Postoperative abscess/surgical site infection rates following colon resections were 8.8% in 2013 and 7.7% in 2018 and for rectal resections 7.7% in 2013 and 6.6% in 2018. Wound dehiscence occurred with a rate of 6.5% in 2013 and 7.0% in 2018 for colon resections and with a rate of 5.6% in 2013 and 5.6% in 2018 for rectal resections. The rate of postoperative fistula formation was 5.6% in 2013 and 5.2% in 2018 for colon resections and 5.1% in 2013 and 4.6% in 2018 for rectal resections (Fig. S1).

Indication for surgery

Concerning the primary indication (main diagnosis) for colon and rectal resections, relevant differences in AL rates could be detected. For colon resections, patients with diverticulosis showed a significantly lower than average leakage rate (4.6%, OR 0.68). For patients with Crohn’s disease, the leakage rate was above average for colon resections (6.9%, OR 1.12). Patients with colorectal cancer showed a leakage rate of 6.3% which was not significantly different from the average leakage rate for colon resections of 6.2% (OR 1.02). For rectal resections, patients with diverticulosis showed a significantly lower than average leakage rate (6.6%, OR 0.69). For patients with Crohn’s disease (14.5%, OR 1.76) and patients with colorectal cancer (10.1%, OR 1.40), the leakage rate was higher than average for rectal resections (Table 1).

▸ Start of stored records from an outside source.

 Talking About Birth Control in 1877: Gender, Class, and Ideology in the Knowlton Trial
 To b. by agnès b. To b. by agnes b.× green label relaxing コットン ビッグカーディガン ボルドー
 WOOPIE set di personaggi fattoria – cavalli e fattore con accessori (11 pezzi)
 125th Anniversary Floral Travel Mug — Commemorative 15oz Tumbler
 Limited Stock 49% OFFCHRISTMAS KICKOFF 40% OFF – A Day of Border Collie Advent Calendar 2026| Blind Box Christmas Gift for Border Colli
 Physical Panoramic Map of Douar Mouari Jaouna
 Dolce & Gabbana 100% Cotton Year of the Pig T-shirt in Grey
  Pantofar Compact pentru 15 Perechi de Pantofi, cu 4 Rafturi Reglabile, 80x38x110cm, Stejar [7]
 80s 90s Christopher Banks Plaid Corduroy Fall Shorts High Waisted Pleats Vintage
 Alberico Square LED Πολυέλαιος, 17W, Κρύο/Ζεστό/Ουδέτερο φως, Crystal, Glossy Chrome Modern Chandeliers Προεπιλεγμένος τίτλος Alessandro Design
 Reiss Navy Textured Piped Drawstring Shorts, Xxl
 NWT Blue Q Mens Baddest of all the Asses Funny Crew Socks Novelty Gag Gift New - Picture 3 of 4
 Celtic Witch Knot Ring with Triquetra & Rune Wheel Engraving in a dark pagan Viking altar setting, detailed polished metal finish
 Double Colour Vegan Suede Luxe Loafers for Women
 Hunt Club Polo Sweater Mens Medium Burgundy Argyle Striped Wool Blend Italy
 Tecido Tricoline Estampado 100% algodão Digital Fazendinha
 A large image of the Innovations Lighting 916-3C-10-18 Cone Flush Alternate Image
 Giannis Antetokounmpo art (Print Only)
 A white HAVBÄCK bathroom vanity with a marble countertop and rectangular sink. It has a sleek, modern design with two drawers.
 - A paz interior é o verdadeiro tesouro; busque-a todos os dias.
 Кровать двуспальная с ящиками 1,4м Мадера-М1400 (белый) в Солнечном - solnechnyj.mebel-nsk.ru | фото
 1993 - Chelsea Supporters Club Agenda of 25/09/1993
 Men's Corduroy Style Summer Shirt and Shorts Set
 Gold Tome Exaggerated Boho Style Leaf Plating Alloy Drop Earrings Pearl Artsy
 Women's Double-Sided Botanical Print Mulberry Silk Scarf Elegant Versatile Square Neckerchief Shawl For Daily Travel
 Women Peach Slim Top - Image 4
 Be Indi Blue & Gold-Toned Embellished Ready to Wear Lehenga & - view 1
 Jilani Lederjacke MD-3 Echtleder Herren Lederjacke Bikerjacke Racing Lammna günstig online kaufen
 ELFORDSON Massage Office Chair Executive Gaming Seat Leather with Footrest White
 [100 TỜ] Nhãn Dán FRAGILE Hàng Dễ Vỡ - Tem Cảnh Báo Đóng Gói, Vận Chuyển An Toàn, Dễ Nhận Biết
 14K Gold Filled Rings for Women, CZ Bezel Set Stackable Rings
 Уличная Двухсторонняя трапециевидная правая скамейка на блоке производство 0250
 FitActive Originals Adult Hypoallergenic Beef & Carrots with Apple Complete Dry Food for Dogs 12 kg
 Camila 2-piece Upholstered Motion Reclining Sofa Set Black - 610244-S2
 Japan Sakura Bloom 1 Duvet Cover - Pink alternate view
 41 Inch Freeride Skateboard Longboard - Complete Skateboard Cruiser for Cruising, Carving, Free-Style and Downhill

Risk factors for anastomotic leakage

Regarding the individual risk factors for AL, patients with type 2 diabetes mellitus, obesity, cachexia, hypertension, and chronic kidney disease had significantly higher AL rates compared to cases without these secondary diagnoses (Fig. 1C, D). Leakage rates for patients with type 2 diabetes mellitus were 6.9% (colon)/10.3% (rectum), obesity 7.7%/10.9%, cachexia 11.3%/13.7%, hypertension 6.5%/9.2%, and chronic kidney disease 8.0%/11.1% (Table 1). Additionally, a significant correlation between patient age and AL could be shown (p < 0.0001). Leakage rates were highest for patients between 61 and 80 years of age (Fig. 1C, D, Table 1). Regarding gender, male patients had significantly higher leakage rates than female patients for both colon resections (male: 7.4%, female 5.2%, p < 0.0001) and rectal resections (male: 11.3%, female: 6.4%, p < 0.0001) (Fig. 1C, D). The general comorbidity was higher in patients with anastomotic leakage as evaluated with the Strausberg and weighed Elixhauser Comorbidity Scores (Table S2).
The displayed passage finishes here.